* COLLECTED DATA *
---
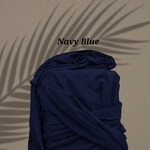 digibazar:product.image:27543
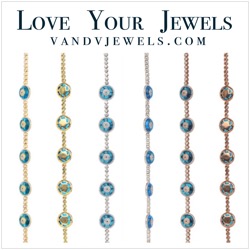 Enter EYES At Checkout For 10% Off All Evil Eye Jewelry!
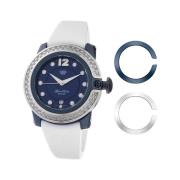 Horloge Glam Rock gr32049d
---
* WORK ORDER *
The expected answer is an unaltered copy of the listing, images removed.

* TASK RESULT *
 digibazar:product.image:27543
 Enter EYES At Checkout For 10% Off All Evil Eye Jewelry!
 Horloge Glam Rock gr32049d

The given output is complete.